As the month of June unfolds, investors who engage in crypto trading will grapple with three major hurdles. Indeed, these obstacles could send ripples across the crypto market.
These issues include a concerning dip in trading volume, alarming liquidity issues, and a substantial increase in selling pressure.
Trading Volume Plummets
The trading momentum and expectations were high in the crypto market’s first quarter this year. However, a disturbing decline in trading volume across all major centralized exchanges has been observed since.
May’s aggregated daily trading volumes have shrunken from an impressive $23 billion to a paltry $9 billion. This downtrend signals a diminishing speculative interest and a growing apathy toward the crypto market.
“Daily crypto trading volume is now the lowest that it has been since 2020. Market in aggregate is in a period of apathy and capitulation through time – lack of speculative interest from the masses sparks opportunity for those with a strong belief,” said analyst Will Clemente.
Contrarily, this decline has favored exchanges in the other categories, which comprises platforms such as Huobi, Kraken, and Kucoin.
With the regulatory landscape in the United States remaining uncertain, offshore exchanges maintain their dominance in the crypto trading ecosystem.
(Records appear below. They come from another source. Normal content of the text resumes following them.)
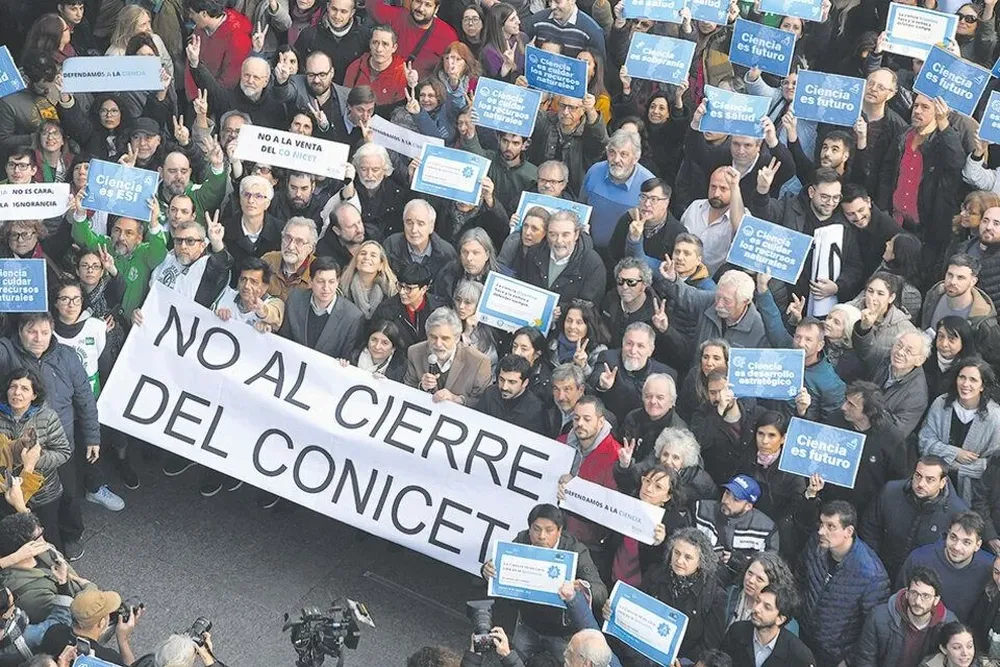 Tras la idea de Milei de cerrar el Conicet, los científicos rechazaron la propuesta de Milei y marcharon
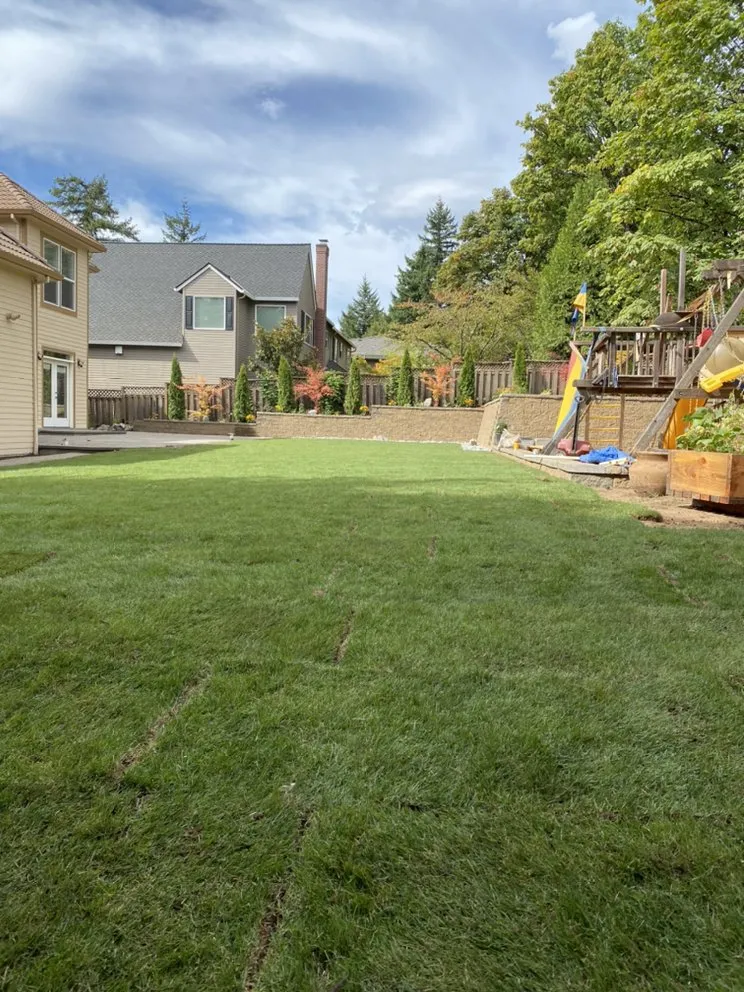 Reliable lawn care service in Vancouver, WA - Cerons Landscape
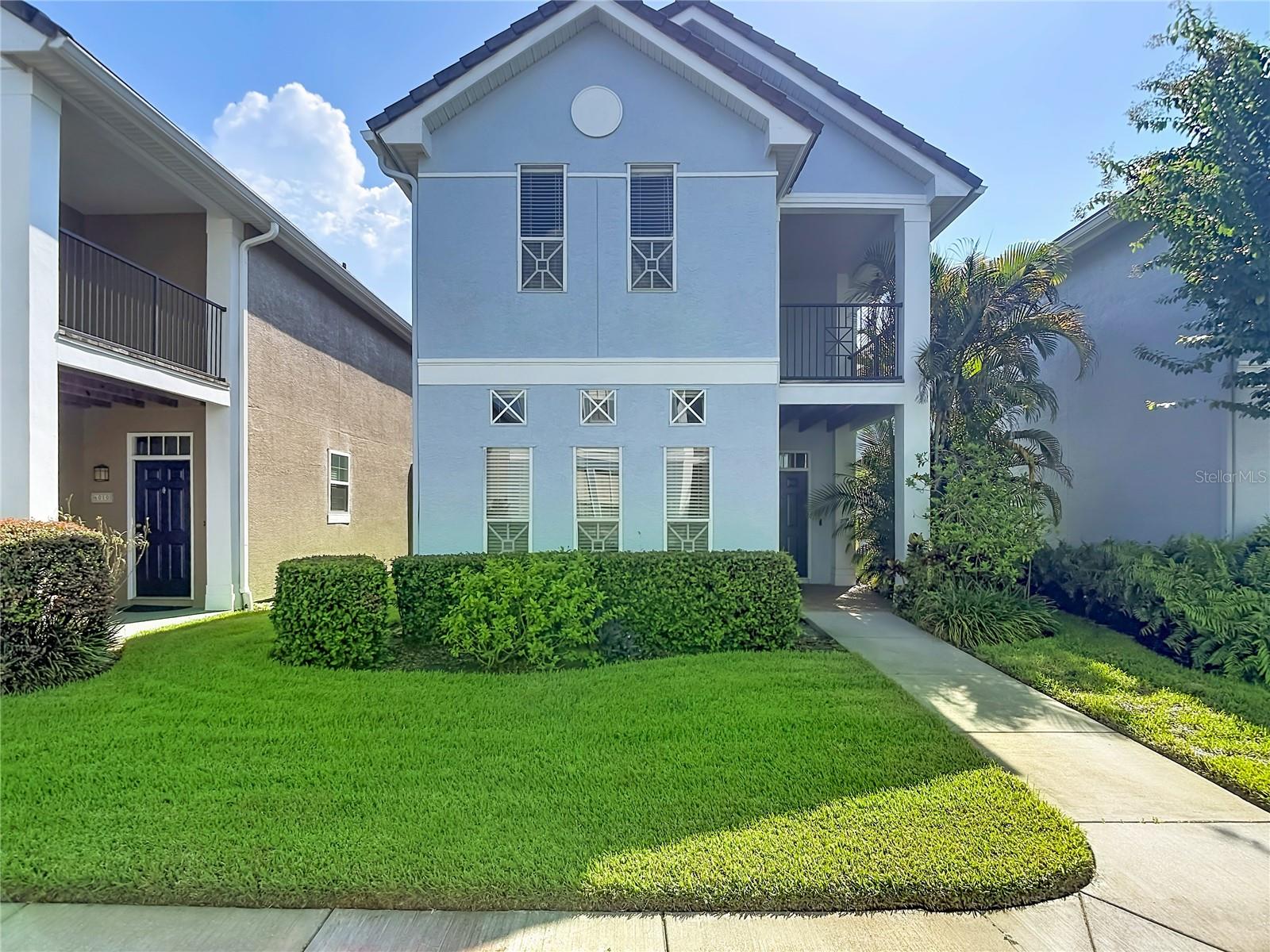4008 Bangalow Palm CT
They make up a staggering 86% of the entire trading volume. This trend is predicted to intensify.
Surprisingly, even Coinbase, traditionally recognized as a compliant alternative to other crypto venues, announced the introduction of its own offshore derivatives venue, the Coinbase International Exchange.
Crypto Liquidity Crisis
The second major issue casting a shadow over the crypto market is a liquidity crisis. This is especially significant for Bitcoin and Ethereum.
Despite the USD-denominated market depth remaining somewhat stable. Liquidity has been flat as measured by coin-denominated 2% market depth, meaning the depth of bids and asks within 2% of the current trading price. This reflects an increasing indifference toward the crypto market.
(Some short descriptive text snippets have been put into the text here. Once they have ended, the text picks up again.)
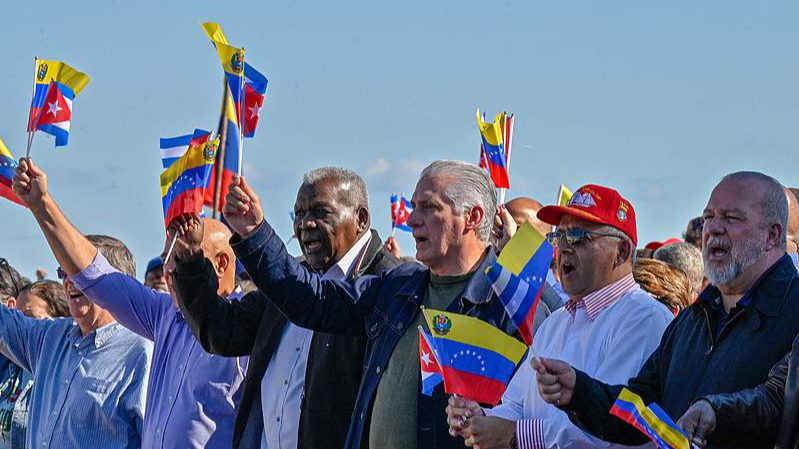 Cuba's President Miguel Diaz-Canel (C) waves a Venezuelan national flag in support of Venezuelan leader Nicolas Maduro in Havana, January 3, 2026. /VCG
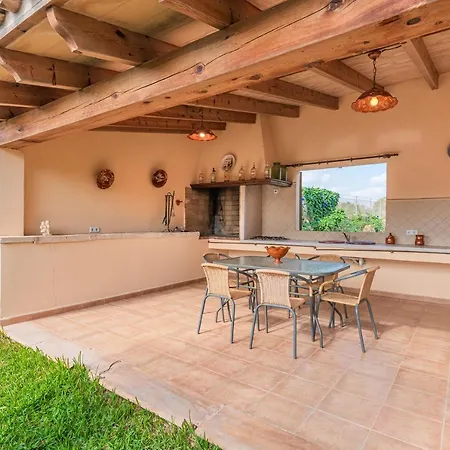 Villa Miquel Des Revellar *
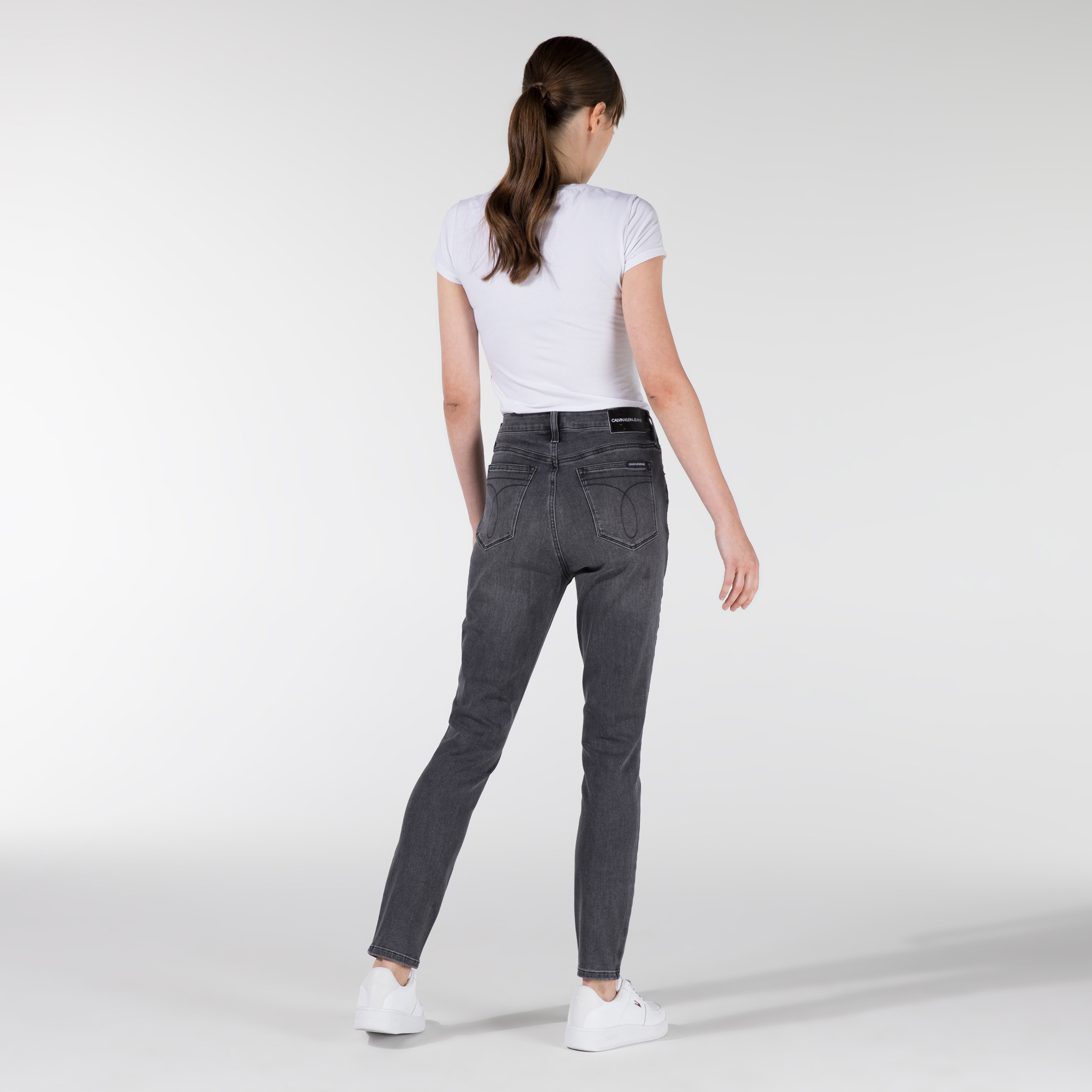 Calvin Klein Kadın Gri Jean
The ongoing liquidity decline has elicited statements from Jane Street and Jump Crypto, two market makers, revealing plans to scale back their crypto operations in the US due to regulatory uncertainties. Jane Street went further, announcing a global scale-back of its crypto operations.
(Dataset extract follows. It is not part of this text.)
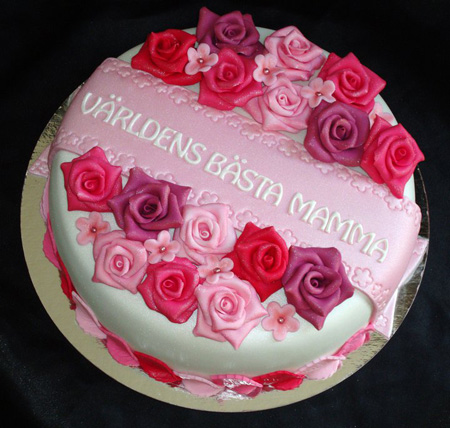 با این کیک های زیبا برای روز مادر ، مادران خود را سوپرایز کنید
The implications of reduced liquidity in the crypto market are significant. Liquidity is a critical aspect of any financial market, including crypto. It refers to the ease with which assets can be bought or sold in the market without affecting the asset’s price.
High liquidity levels create a more secure and efficient market. Therefore, allowing participants to enter easily and exit trades leads to tighter spreads.
In contrast, low liquidity can hinder the ability of market participants to execute larger trades without incurring price impact, also known as slippage.
In practical terms, if a trader wants to sell a significant quantity of crypto and there are not enough buyers, the price may have to be reduced to make it appealing. This process could create a downward price spiral, leading to lower prices and possibly triggering a sell-off.
Surging Selling Pressure
The third problem presented in June 2023 is the surge in selling pressure as Bitcoin dropped below $27,000.
While the crypto community keeps a watchful eye on crucial price levels, concerns around liquidity have been amplified in the wake of legislative actions in the US.
Antoni Trenchev, managing partner of crypto lender Nexo, raised an interesting point.
“Bitcoin faces a number of potential banana skins in June now the debt ceiling drama looks to have passed. Once the Senate likely backs the debt-limit legislation, the market faces a flood of treasury bill issuance, which will likely draw liquidity away from risk assets like Bitcoin,” said Trenchev.
The US House of Representatives recently approved a deal to suspend the $31.5 trillion debt ceiling. This could result in the issuance of up to $1 trillion in US Treasury bills, posing additional pressure on Bitcoin.
“For Bitcoin, it’s quite simple: Stay above the 200-week moving average around $26,300, and the bullish uptrend from the November low of $15,500 is intact. On the upside, get above $31,000, and things might start to get really interesting,” remarked Nexo’s Trenchev.
Still, Maartunn, Community Manager at CryptoQuant, believes that despite the recent spike in selling pressure similar to previous sell-offs, it may peak soon and revert.